* WHAT YOU NEED TO DO *
Images excluded, return every record exactly as it reads.
--- RECORDED INFORMATION ---
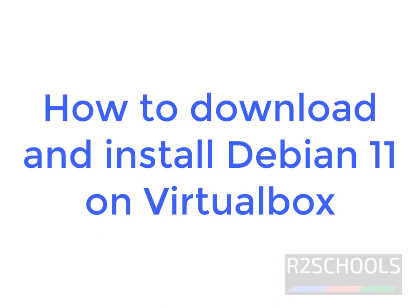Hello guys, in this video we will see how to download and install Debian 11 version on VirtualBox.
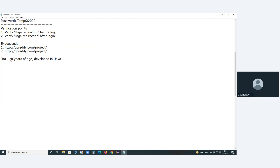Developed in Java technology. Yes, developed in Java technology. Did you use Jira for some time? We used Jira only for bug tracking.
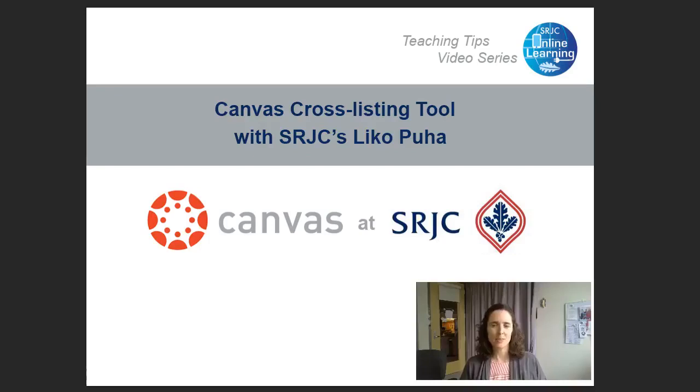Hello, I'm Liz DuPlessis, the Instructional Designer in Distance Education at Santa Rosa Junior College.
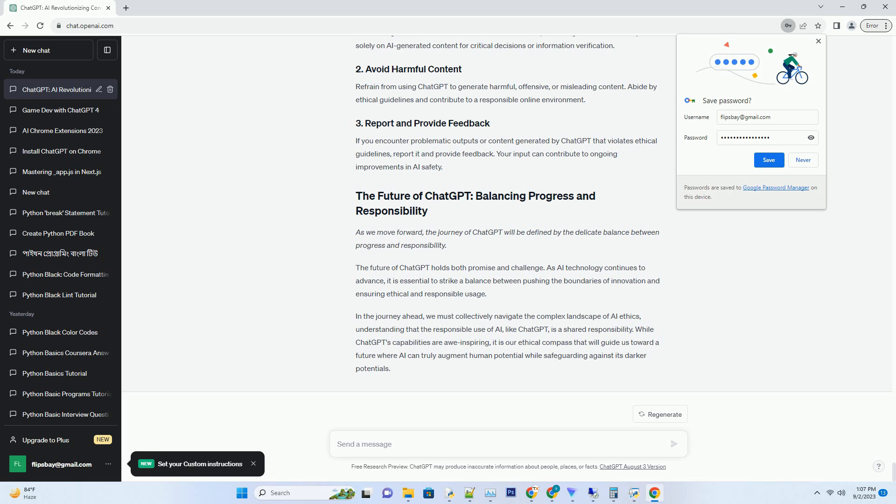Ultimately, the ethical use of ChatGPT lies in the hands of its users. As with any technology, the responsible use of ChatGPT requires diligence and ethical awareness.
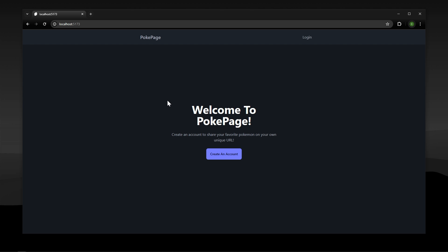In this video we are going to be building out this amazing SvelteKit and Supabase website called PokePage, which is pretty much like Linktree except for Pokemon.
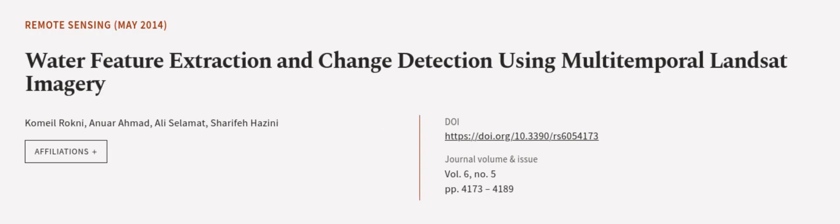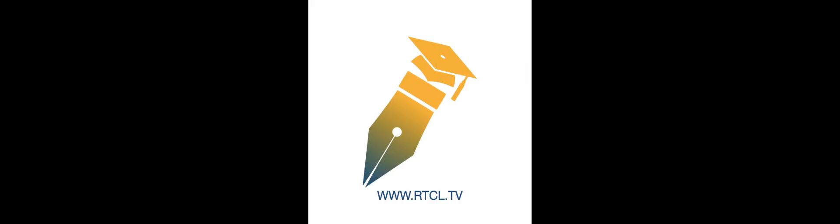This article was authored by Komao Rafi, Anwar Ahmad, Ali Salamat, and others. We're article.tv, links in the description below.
---
* ANSWER TO THE EXERCISE *
Hello guys, in this video we will see how to download and install Debian 11 version on VirtualBox.
Developed in Java technology. Yes, developed in Java technology. Did you use Jira for some time? We used Jira only for bug tracking.
Hello, I'm Liz DuPlessis, the Instructional Designer in Distance Education at Santa Rosa Junior College.
Ultimately, the ethical use of ChatGPT lies in the hands of its users. As with any technology, the responsible use of ChatGPT requires diligence and ethical awareness.
In this video we are going to be building out this amazing SvelteKit and Supabase website called PokePage, which is pretty much like Linktree except for Pokemon.
This article was authored by Komao Rafi, Anwar Ahmad, Ali Salamat, and others. We're article.tv, links in the description below.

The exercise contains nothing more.